The Emmet family's illustrious relations led Ellen to meet Sargent in London through cousin Henry James, who later persuaded James McNeill Whistler (1834–1903) to visit the women in Paris and introduce them to Frederick William MacMonnies (1863–1937), with whom they would subsequently study at his home-atelier in Giverny. Foote became one of MacMonnies's closest protégés, painting alongside her teacher on numerous occasions and serving as his assistant on exhibitions and publications. Returning to America in 1901, she established herself as a self-supporting portraitist who, like Sargent, favored impressionistic plein-air landscapes when on holiday. Here's an image of her view—depicted in the painting on the unseen easel in The Sketchers—from that inviting olive grove.

Mary Foote, San Vigilio

Mary Foote (1872–1968). San Vigilio, 1913. Oil on canvas. Private collection

Mary Foote, Taos

Known for her great intelligence and charm, as well as a biting wit, Foote was a popular fixture in various artistic circles—from the MacMonnies' and de Glehns' to the more modernist salons of Mabel Dodge, whom she first met in New York and frequently visited at her villa in Florence, Italy, then later in Taos, New Mexico.

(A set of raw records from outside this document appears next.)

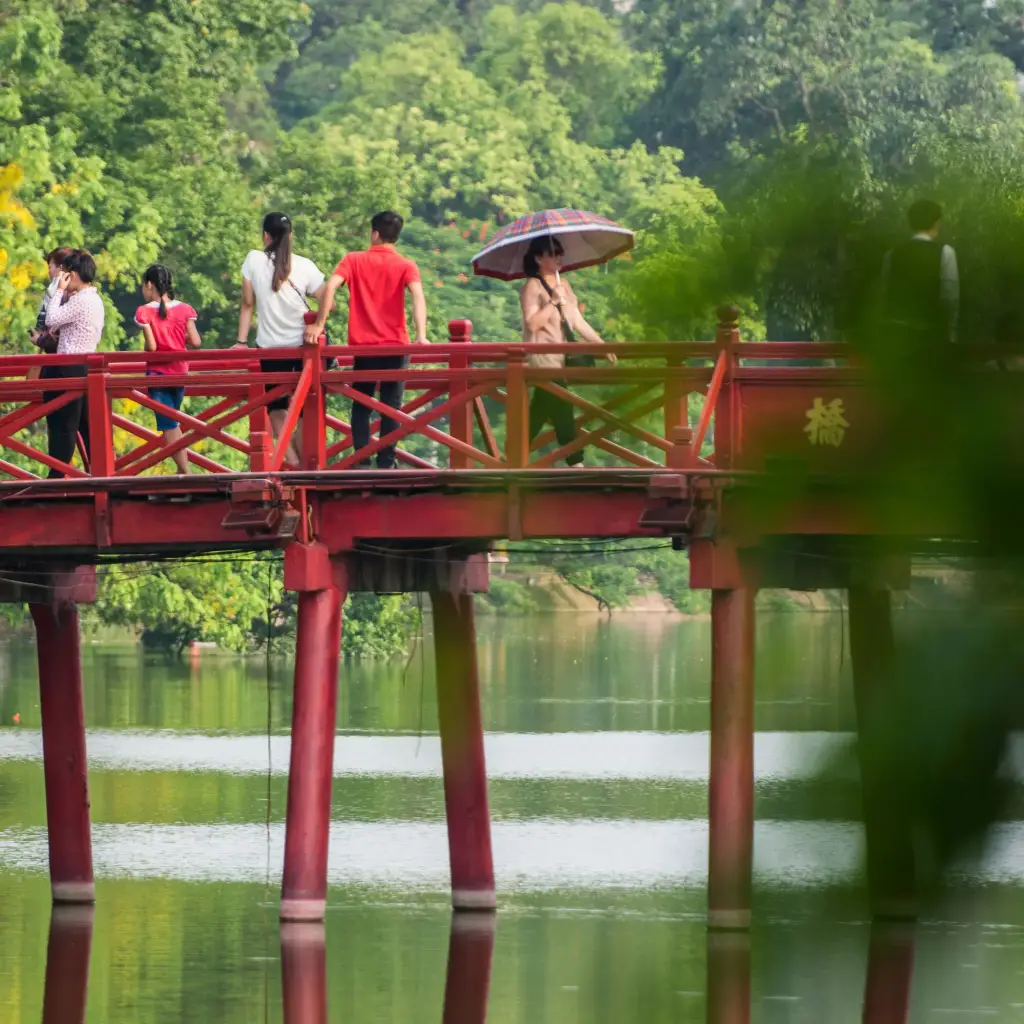 Ngoc Son Tempel, Hanoi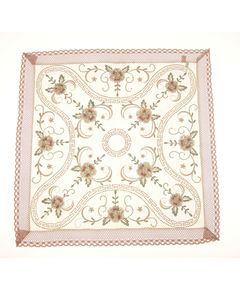 Салфетка 85х85 бежевый TD Seul 12115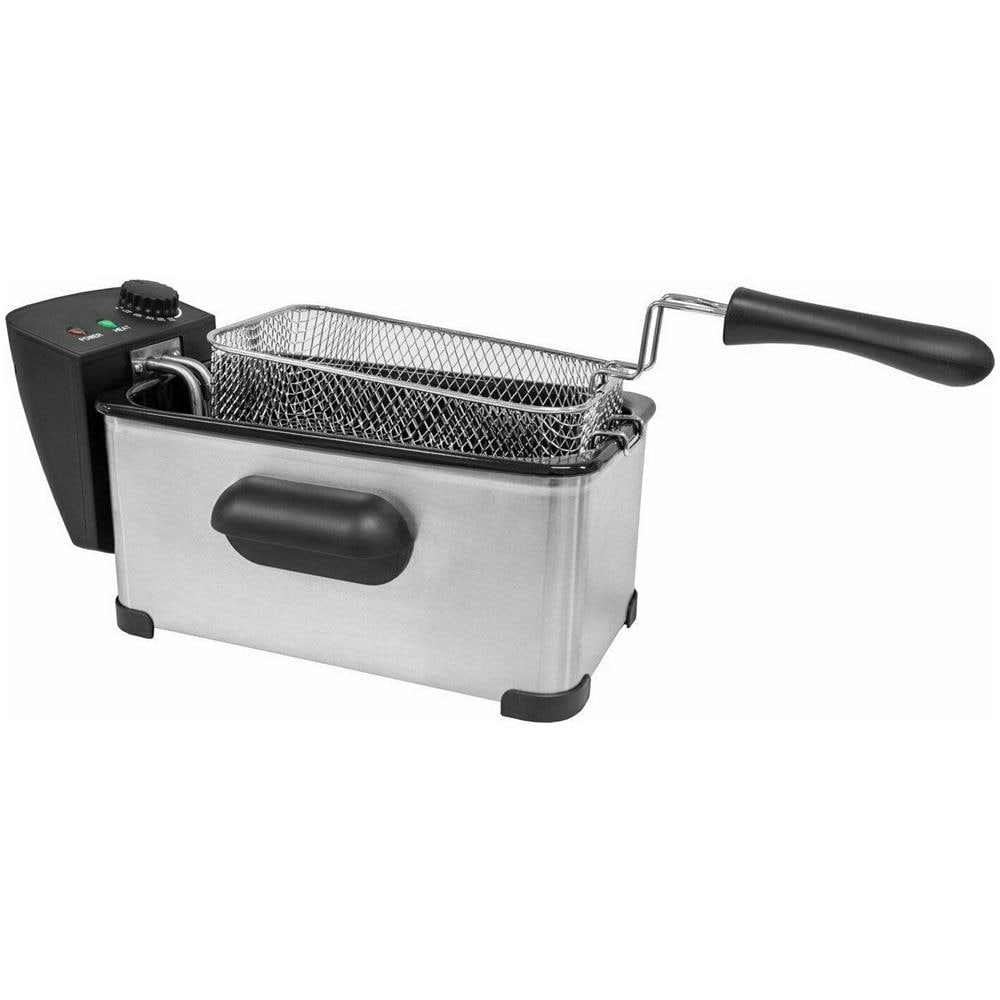 Friggitrice 8015361822316 Capacità 3 Litri 2000 Watt Colore Acciaio Inox - Foto 1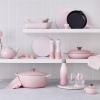 Kastrol SIGNATURE 24 cm, 4,2 l, SHELL PINK, litina, Le Creuset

Right: Mary Foote, Taos, ca. 1917–20, Mary Foote Papers, Beinecke Rare Book and Manuscript Library, Yale University

While not as radical as some of her cohorts (in addition to Dodge, friends included Gertrude Stein, Isadora Duncan, and D. H. Lawrence), the independent, free-thinking, and progressive Foote would eventually give up her Greenwich Village artistic life for a quieter existence in Zurich, Switzerland. There, in 1927, she became a psychoanalytic patient and assistant of Carl Jung (1875–1961), editing most of his important works. This compelling biography makes one imagine the heady conversations in the air of that Italian grove on the eve of World War I—when overlapping artist circles were nurtured and blossomed on the brink of irrevocable change.


I'm grateful to Mary Foote descendant Dr. Anne Moore, as well as Julia Converse and Richard Bartholomew, for sharing unpublished manuscripts and other material on the artist's life and work. Some Foote papers are preserved in the Beinecke Rare Book and Manuscript Library at Yale University, her alma mater.